Evaluating the model's performance against business metrics
One of the main challenges of selecting the best model offline is the limited predictability of the business metric impact. Our core model predicts the food preparation time and the product goals were reducing the Dasher wait times without degrading the end-to-end delivery time and without increasing food wait times. Moving quickly to experiments helped us determine how to tune our loss function to capture these unique business requirements. One of the great advantages of using LightGBM was the ease of adjusting the loss function to bias and tuning the model's performance to our unique business needs.
Through the finish line
After a few months of work, we have reached the majority of our original plan - a new feature that leverages ML models to dynamically decide when an order should be released to the kitchen. We had a few more hypotheses we wanted to test and a goal of leveraging the above architecture and models to dynamically define the optimal release distance for each order that was placed on a delayed release. One of the surprising challenges was defining when our work is complete and when we move to a different type of development life cycle - continued maintenance and monitoring. We decided to scope some additional work to test a new Dasher speed estimation model. This new model improved our accuracy and provided another incremental win to wrap up our development work.
Conclusion
In this post we described how we applied a few important practices to design and ship a new feature; start simple, break it down into milestones and work iteratively. While these are relatively common practices, there are a few unique work characteristics here at DoorDash that enabled our success:
- Strong bias for action: it might be difficult to define what "good enough" actually means and not be paralyzed by all the different ways we can make something better. We are a very experimentation-oriented team and we encourage each other to ship as soon as we can make a positive impact
- We operate in a unique way that allows us to construct teams around great ideas to see them mature and ship them in production.
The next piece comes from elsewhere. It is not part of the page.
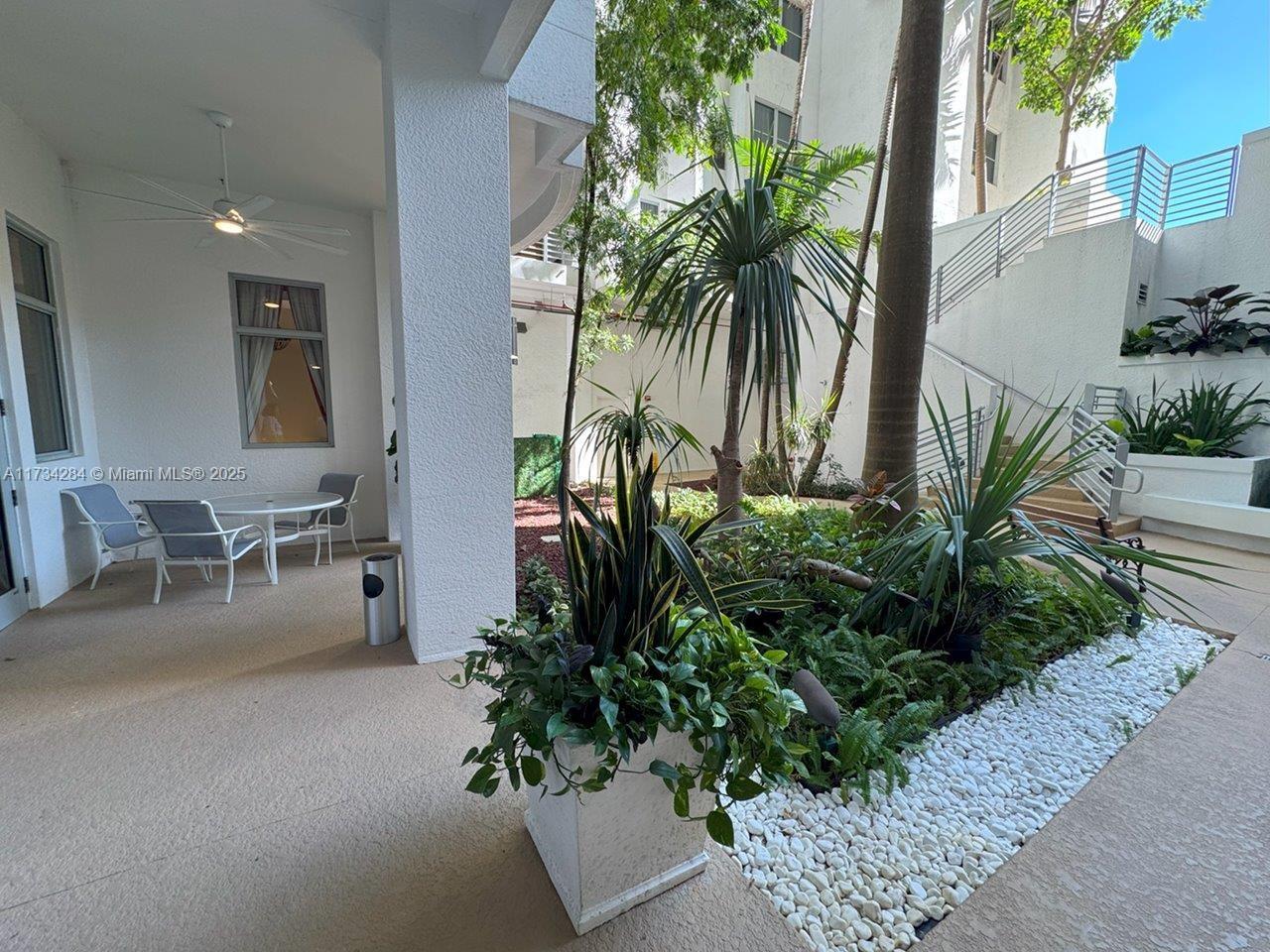 RADIUS CONDO - Residential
This team was constructed from the bottom up - solid analysis and cross functional collaborations led us to build a formal team
- Providing incremental results was the fuel that we needed to get time and buy-in to reach our longer term goal. Building ML infrastructure and developing models that can perform in production takes time and can be a risk. We constantly maintain some balance between these short term and long term bets
- Building out the necessary tooling to support the feature as it grows - operations tooling for easily onboarding stores, tooling for faster debugging, and frameworks for rapid experimentation
We hope these steps and approach can pave a path for others who are facing similar challenges and sheds some light around ML development at DoorDash.